Every line below that holds the string "Holder" should be copied.

------------------------------------------------------------------------

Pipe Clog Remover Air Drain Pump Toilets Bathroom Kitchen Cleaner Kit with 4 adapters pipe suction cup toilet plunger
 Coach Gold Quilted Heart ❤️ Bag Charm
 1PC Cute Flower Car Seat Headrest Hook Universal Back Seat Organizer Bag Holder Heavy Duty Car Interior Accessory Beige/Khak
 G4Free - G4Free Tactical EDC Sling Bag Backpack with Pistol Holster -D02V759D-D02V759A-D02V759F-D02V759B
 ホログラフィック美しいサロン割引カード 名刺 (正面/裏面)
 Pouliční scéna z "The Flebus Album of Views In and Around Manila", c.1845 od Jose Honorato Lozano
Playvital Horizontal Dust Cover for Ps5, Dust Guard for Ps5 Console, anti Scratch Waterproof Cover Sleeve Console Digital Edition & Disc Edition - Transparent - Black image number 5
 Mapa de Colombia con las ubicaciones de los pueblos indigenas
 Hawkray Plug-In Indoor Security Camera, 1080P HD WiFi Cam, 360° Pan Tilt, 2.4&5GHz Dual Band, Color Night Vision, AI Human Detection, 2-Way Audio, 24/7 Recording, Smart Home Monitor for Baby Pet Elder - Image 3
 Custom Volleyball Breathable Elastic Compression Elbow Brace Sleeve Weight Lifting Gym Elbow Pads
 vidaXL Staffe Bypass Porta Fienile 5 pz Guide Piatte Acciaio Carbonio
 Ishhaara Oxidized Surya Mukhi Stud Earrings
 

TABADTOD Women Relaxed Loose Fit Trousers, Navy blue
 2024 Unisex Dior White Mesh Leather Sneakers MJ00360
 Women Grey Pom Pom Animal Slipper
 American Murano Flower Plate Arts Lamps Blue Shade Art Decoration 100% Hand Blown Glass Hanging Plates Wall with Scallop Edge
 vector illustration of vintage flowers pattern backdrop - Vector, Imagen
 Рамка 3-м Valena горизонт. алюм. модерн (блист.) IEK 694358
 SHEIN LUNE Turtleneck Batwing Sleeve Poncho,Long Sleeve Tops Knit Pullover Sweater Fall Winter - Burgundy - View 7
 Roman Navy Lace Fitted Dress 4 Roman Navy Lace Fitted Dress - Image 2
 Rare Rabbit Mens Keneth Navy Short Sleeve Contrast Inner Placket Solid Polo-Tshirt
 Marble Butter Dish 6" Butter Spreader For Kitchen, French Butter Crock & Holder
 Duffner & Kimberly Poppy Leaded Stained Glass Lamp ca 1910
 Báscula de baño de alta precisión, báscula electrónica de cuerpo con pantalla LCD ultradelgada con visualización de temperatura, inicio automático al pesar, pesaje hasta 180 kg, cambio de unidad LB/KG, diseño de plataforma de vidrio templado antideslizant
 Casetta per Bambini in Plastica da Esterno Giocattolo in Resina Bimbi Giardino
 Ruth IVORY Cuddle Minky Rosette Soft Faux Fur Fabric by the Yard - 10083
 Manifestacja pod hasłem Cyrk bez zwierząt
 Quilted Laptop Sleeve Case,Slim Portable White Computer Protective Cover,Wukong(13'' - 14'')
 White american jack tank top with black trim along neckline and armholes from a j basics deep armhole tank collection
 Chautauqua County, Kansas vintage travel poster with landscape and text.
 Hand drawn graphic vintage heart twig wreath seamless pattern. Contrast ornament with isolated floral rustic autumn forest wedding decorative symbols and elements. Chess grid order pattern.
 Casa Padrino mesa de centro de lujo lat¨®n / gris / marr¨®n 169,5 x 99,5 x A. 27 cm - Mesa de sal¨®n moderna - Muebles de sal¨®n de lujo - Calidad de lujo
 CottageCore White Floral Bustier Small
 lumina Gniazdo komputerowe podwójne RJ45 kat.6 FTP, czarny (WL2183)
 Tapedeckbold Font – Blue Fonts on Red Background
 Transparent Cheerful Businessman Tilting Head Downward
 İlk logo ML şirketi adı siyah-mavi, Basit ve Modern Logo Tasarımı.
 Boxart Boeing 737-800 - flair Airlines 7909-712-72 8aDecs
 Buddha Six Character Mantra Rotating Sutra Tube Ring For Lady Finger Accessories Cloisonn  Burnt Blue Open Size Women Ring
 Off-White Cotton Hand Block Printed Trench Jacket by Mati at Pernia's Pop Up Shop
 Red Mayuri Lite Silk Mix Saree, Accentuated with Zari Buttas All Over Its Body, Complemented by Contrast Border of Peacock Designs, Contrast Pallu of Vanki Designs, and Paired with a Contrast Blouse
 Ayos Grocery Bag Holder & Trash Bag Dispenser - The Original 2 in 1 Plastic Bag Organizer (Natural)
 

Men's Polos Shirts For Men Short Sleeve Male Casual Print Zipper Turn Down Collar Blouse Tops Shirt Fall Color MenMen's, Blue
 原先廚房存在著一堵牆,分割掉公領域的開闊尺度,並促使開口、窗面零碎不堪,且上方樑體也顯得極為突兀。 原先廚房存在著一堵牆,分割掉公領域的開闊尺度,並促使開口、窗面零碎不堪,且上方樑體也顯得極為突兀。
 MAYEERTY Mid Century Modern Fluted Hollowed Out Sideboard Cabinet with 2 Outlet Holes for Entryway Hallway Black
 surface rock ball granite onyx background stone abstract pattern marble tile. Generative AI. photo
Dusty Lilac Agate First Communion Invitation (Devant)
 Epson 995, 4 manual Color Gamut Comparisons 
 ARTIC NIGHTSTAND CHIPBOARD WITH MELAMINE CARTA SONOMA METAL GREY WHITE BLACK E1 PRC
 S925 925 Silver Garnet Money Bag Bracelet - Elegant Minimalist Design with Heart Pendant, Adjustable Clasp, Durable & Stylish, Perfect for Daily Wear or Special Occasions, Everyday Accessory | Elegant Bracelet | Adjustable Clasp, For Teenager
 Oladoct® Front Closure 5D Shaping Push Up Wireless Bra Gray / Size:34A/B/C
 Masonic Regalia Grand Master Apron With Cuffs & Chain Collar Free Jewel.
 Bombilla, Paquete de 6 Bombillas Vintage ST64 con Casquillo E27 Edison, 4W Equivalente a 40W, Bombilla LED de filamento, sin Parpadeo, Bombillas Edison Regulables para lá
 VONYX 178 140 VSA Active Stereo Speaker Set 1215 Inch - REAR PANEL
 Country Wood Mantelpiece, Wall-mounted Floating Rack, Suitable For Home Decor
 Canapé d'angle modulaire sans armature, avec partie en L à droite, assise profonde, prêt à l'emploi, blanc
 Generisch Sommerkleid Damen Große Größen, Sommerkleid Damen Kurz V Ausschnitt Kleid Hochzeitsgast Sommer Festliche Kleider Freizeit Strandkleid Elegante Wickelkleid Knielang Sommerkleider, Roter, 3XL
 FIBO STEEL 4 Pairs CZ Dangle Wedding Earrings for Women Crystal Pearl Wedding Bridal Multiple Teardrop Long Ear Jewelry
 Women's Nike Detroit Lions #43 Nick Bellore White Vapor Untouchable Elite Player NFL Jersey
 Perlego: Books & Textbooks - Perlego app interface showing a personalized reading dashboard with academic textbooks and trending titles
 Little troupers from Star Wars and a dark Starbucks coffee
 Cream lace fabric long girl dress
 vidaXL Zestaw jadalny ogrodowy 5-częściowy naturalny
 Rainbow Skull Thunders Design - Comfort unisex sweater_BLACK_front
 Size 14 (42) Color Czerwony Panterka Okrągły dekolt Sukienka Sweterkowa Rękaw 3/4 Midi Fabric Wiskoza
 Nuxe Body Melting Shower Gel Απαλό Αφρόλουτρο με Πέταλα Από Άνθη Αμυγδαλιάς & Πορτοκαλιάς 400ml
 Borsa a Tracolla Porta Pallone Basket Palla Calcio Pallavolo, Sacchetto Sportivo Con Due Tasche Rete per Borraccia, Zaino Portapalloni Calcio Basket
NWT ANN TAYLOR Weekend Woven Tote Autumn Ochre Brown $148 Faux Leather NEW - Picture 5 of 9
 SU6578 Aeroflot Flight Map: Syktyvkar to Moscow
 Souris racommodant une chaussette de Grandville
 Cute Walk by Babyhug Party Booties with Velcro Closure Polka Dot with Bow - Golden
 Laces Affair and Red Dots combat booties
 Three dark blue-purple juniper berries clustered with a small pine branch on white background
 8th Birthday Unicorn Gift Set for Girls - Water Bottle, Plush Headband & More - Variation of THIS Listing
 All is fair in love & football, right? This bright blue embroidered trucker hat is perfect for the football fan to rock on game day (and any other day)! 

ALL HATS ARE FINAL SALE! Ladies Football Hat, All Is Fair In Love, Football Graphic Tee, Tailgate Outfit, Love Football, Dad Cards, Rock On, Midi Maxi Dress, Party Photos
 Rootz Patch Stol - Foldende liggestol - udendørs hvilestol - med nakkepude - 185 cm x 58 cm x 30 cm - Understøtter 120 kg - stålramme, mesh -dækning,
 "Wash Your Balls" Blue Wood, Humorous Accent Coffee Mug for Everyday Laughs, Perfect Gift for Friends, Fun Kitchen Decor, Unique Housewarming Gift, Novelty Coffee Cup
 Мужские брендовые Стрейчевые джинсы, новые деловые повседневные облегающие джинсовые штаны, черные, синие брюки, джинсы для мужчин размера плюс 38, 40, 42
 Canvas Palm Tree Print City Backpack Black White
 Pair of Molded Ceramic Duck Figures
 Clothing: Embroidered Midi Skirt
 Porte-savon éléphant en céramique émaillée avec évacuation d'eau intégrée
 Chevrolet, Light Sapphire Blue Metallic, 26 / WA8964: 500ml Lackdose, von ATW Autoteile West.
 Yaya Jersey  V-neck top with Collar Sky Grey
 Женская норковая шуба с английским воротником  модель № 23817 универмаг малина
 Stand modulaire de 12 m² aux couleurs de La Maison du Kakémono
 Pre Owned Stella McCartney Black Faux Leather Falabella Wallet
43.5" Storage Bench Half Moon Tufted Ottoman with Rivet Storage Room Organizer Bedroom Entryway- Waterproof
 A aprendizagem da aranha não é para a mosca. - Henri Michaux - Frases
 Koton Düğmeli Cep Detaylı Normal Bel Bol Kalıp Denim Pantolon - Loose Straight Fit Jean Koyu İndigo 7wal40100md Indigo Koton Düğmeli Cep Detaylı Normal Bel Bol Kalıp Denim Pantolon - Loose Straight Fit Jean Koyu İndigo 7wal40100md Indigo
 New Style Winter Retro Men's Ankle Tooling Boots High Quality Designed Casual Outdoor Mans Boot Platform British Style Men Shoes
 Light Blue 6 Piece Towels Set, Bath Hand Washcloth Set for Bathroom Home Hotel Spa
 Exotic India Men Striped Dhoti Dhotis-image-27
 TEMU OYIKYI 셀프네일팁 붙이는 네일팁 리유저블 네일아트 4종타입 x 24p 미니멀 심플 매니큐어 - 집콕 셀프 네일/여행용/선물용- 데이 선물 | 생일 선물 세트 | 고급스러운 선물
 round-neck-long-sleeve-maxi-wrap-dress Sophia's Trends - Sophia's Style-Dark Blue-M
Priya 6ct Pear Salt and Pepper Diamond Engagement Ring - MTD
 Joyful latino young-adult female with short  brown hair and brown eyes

------------------------------------------------------------------------

Solution for this exercise:
 1PC Cute Flower Car Seat Headrest Hook Universal Back Seat Organizer Bag Holder Heavy Duty Car Interior Accessory Beige/Khak
 Marble Butter Dish 6" Butter Spreader For Kitchen, French Butter Crock & Holder
 Ayos Grocery Bag Holder & Trash Bag Dispenser - The Original 2 in 1 Plastic Bag Organizer (Natural)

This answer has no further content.